=== Begin Enclosure ===

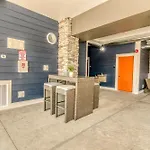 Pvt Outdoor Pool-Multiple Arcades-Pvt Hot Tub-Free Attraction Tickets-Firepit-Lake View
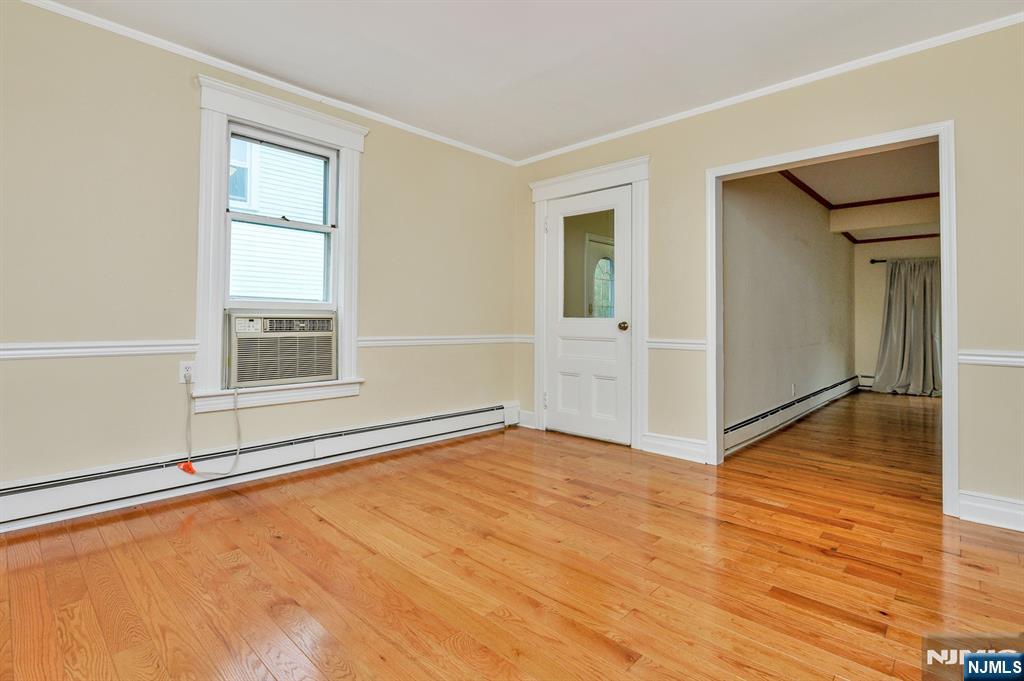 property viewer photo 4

=== End Enclosure ===
=== Begin Enclosure ===

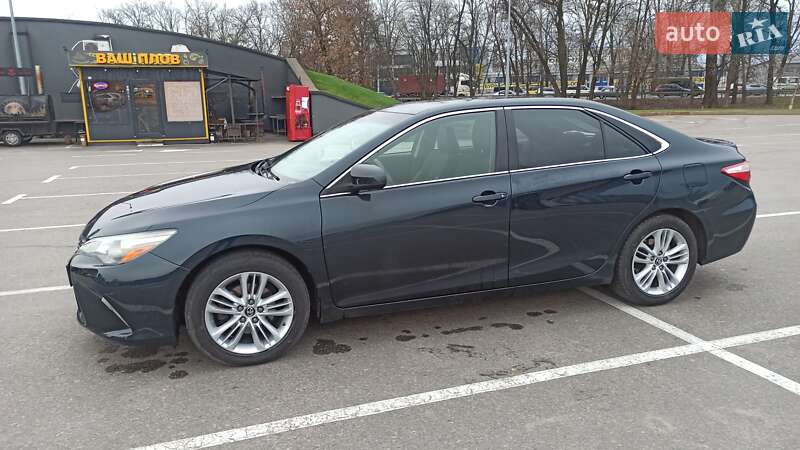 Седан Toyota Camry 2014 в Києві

=== End Enclosure ===

Within the listing above, print exactly the stretch beginning at the line that contains "Pvt Outdoor Pool-Multiple" and finishing at the line that contains "property viewer photo 4", ends kept, pictures left out, and nothing more.

 Pvt Outdoor Pool-Multiple Arcades-Pvt Hot Tub-Free Attraction Tickets-Firepit-Lake View
 property viewer photo 4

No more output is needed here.